Selon les chiffres de 2020 (statbel.fgov.be), 9,8% d’élèves seraient en décrochage scolaire en Wallonie. Ce pourcentage montre le nombre important de jeunes de 18 à 24 ans qui n’ont pas obtenu le Certificat de l’Enseignement Secondaire Supérieur (CESS). Cela est énorme !

Par des méthodes nouvelles, je souhaiterais assister les élèves en difficulté sur divers plans : scolaire, psychologique et relationnel. Mon désir est de comprendre ce qui a amené l’élève dans la situation dans laquelle il se trouve.

Redonner une place dans le système aux élèves marginalisés

Sans me substituer aux psychologues ou autres assistants sociaux, j’aimerais que ma démarche auprès des jeunes soient holistiques et puissent prendre en compte tous les éléments qui freinent ou ont pu freiner son envie d’apprendre. Redonner le goût aux apprentissages est une gageure dans une société où nombre de jeunes sont en complète addiction à toute forme d’écran.

Aimer enseigner pour donner le goût d’apprendre

J’aime enseigner et partager des savoirs ; les savoirs à démonter et à remonter, à mettre en contexte, les rendant utiles et sensés pour l’apprenant.
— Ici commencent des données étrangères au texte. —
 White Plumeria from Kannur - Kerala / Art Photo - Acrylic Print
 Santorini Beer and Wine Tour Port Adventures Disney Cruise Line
Par ma fascination pour la pédagogie, je voudrais susciter l’intérêt des élèves en coaching.

Créativité et inventivité

Créative, je veux porter le défi, par le coaching scolaire, de rendre confiance à l’élève, de repérer les obstacles à son épanouissement scolaire en recréant un climat relationnel de qualité tout en gérant les émotions. Lorsque l’apprenant se sent compris et soutenu, il est possible alors de lui proposer toute une batterie de méthodes innovantes qui pourront l’aider dans ses apprentissages.

Le désir d’avoir une plus grande marge de manœuvre dans mon travail

Je veux défendre une forme de liberté nouvelle dans cet engagement pour moi et l’apprenant en tenant compte de divers paramètres tels le rythme de l’enfant, ses forces et ses faiblesses Hors du cadre scolaire, je pourrai déceler et pister son orientation future, son avenir.

Le désir de me renouveler, de progresser

Je souhaite progresser et monter en compétences moi-même afin de mettre au jour les capacités, les aspirations et les attentes légitimes de l’enfant ou l’adolescent. Rendre ce public autonome est une belle finalité !

Donner du sens à mon travail

Toutes ces ambitions doivent redonner du sens à mon investissement et redonner une dynamique appropriée au projet éducatif que je porte.

Changement de paradigme

La société change et il est indispensable d’en tenir compte. Le jeune apprenant d’aujourd’hui est une personne dont l’épanouissement est une nécessité, un droit, oserais-je dire … Trouver sa place dans ce monde en mutation est plus qu’indispensable.

Avoir un apport financier supplémentaire

Je pourrais par ce travail aider les jeunes en difficulté, certes, mais il va de soi que tout travail mérite salaire. Je souhaiterais cependant que ce coût ne soit pas un frein car une de mes valeurs fondamentales est l’égalité des chances. J’aimerais pouvoir fonder une association, un partenariat afin de pouvoir offrir des prix plus démocratiques.